Remnants of a 19th-Century Red-Light District and Chinatown Unearthed in Montana
A trove of artifacts reveals the town of Missoula’s remarkable and diverse past
Nestled in a lush, leafy landscape in the northern Rockies, the modern town of Missoula, Montana, is an outdoorsy outpost bustling with artists, writers and college students—an idyllic slice of the American West.
At the end of the 19th century, however, much of Missoula looked different. In the wake of the construction of the First Transcontinental Railroad, the picturesque city played host to a raucous red-light district and still-mysterious Chinatown that flourished for several decades. By the middle of the 20th century, both communities had disappeared—but thanks to a trove of artifacts unearthed in a recent University of Montana excavation, these two little-known chapters of the mountainous city’s history are finally in the spotlight.
Discovered beneath the site of what’s now the Cranky Sam Public House brewery, the team’s haul includes an impressive smattering of glassware, ceramics, medicine vials, furniture and more, each offering a glimpse into the daily goings-on of early Missoulians. While some of the artifacts, including perfume bottles and cosmetics jars, likely hailed from the brothels that once dotted downtown Missoula, others seem specific to the neighboring Chinatown, where locals would congregate to share meals, smoke opium and play board games, leaving paraphernalia, coins and even food scraps in their wake.
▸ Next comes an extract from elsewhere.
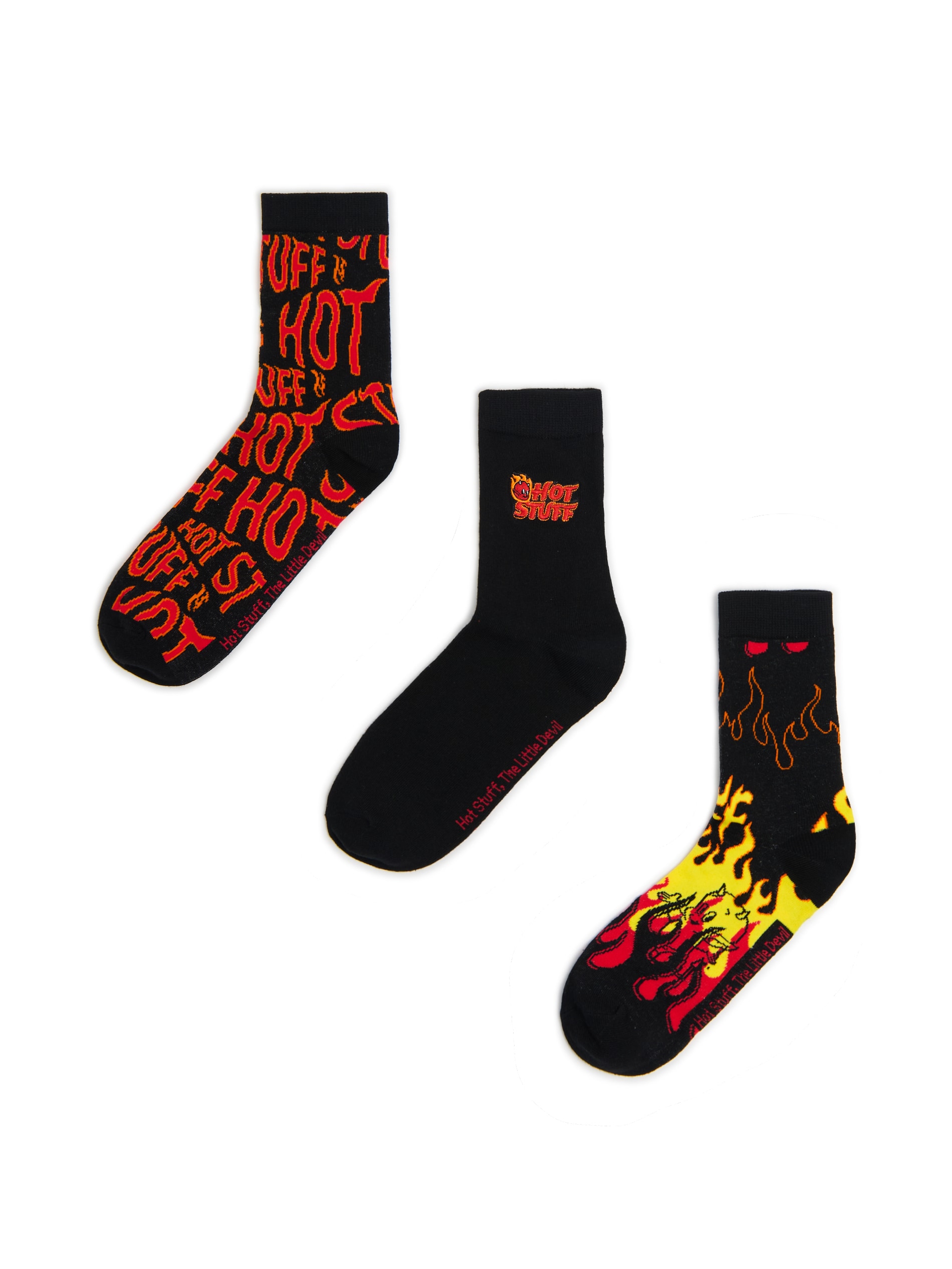 Cropp - 3 pár zokni Hot Stuff - fekete termék 2. képe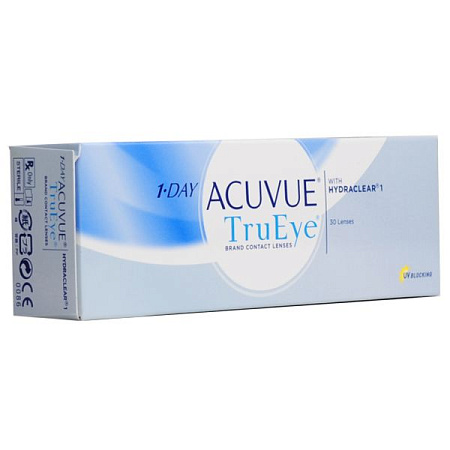 Линзы контактные АКУВЬЮ (ACUVUE) 1-Day Труай (TruEye) R8.5 (-5.50) №90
“The site is of great importance to understanding the lives of underrepresented sociocultural groups from Missoula’s past,” write University of Montana archaeologists Kate Kolwicz and Kelly Dixon in an email to the Missoulian’s David Erickson. “Collectively, this suite of artifacts convey[s] information about a range of topics that put us in touch with Missoula’s past residents, including their food and drink, healthcare practices, and social life.”
Cranky Sam Public House owners Jed and Jennifer Heggen first alerted the University of Montana team to the archaeological cache when they began construction on the building’s site last summer. The brewery’s small city block, the researchers discovered, had once been at the very heart of two long-gone communities, enshrining a time capsule of artifacts underground. A neighboring establishment called Biga Pizza had already been confirmed to sit atop what was once a Chinese temple, but the pub’s location proved to be a goldmine, yielding “boxes and boxes” of items from centuries past, according to Jill Valley of KPAX.
Missoula isn’t the only town in the American West that once housed a red-light district and a Chinatown in close proximity. As University of Montana archaeologist Nikki Manning explains to KPAX, Chinese doctors were often among the only medical professionals willing to treat the ailments of prostitutes, who were frequently turned away from other establishments.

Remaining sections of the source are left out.